Search code examples
pythonpython-3.xweb-scrapingpypdf

Can't fetch only the names from a table located in a pdf file from a webpage


I've created a script in python using requests module and PyPDF2 library to parse the pdf content from a website. I'm only interested in the name in column A under Facility Name available in page 4 (tabular content) in that pdf file. My script can scrape the content from that page but I can't find any way to get only the names and nothing else.

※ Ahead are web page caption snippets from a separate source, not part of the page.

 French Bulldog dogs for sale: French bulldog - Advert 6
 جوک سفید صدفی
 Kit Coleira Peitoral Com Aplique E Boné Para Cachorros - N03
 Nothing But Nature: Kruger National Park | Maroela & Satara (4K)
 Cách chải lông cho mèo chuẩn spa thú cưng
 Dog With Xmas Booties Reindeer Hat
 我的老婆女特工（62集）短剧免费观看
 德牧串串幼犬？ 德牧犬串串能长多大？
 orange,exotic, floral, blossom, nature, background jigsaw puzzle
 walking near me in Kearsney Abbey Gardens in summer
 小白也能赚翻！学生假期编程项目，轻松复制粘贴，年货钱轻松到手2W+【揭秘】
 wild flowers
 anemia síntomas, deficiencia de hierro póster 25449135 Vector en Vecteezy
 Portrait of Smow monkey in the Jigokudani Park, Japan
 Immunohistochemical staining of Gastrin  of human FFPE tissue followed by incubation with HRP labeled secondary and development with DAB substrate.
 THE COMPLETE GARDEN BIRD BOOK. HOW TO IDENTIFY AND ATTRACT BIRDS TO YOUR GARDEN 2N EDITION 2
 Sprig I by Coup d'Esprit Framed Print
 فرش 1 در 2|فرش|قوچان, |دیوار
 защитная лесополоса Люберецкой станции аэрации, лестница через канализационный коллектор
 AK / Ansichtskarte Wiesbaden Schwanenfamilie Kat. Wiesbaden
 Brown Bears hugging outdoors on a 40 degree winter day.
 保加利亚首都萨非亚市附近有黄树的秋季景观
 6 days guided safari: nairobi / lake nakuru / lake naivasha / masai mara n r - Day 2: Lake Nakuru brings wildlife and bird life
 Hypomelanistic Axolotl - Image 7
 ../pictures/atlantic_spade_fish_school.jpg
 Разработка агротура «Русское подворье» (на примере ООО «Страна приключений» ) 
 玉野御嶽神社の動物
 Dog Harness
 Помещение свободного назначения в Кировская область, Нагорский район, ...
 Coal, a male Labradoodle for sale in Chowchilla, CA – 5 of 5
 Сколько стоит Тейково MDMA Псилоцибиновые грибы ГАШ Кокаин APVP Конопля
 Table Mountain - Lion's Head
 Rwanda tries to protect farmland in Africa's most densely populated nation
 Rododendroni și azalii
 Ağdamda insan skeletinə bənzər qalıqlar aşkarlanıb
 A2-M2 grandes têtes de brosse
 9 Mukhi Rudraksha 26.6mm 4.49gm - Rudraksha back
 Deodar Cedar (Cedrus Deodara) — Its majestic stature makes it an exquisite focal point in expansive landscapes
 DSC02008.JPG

pdf file link that I've used within the script

This is how the table looks like

I'm only interested in the names under the column header Facility Name.

I've tried with:

import io
import PyPDF2
import requests

URL = 'https://www.cms.gov/Medicare/Provider-Enrollment-and-Certification/CertificationandComplianc/Downloads/SFFList.pdf'

res = requests.get(URL)
f = io.BytesIO(res.content)
reader = PyPDF2.PdfFileReader(f)
contents = reader.getPage(3).extractText()
print(contents)

Output I'm having right now are like:

Facilit
y Name
Address
City
State
Zip
Phone 
Number
Months as an 
SFFWillows Center
320 North Crawford Street
Willows
CA95988530-934-2834
5Winter Park Care & Rehabilitation Center
2970 Scarlett Rd
Winter Park
FL32792407-671-8030
and so on -----

Output I wish to have like:

Willows Center
Winter Park Care & Rehabilitation Center
Pinehill Nursing Center
River Brook Healthcare Center

How can I get only the names available in a table from a pdf file?


Solution

  • Unfortunately for you PDF is not a structured document, it's just strings/images placed on coordinates to look exactly as it's created regardless of which program renders it. This means you cannot parse it as easy as HTML, because tables are not under a <table> element, but scattered across a page.

    See:

    Take a look at https://github.com/atlanhq/camelot, it might help you

    (There's at most 10 pages there with a table, going manual might be a faster option here, unless you have many PDFs like this.)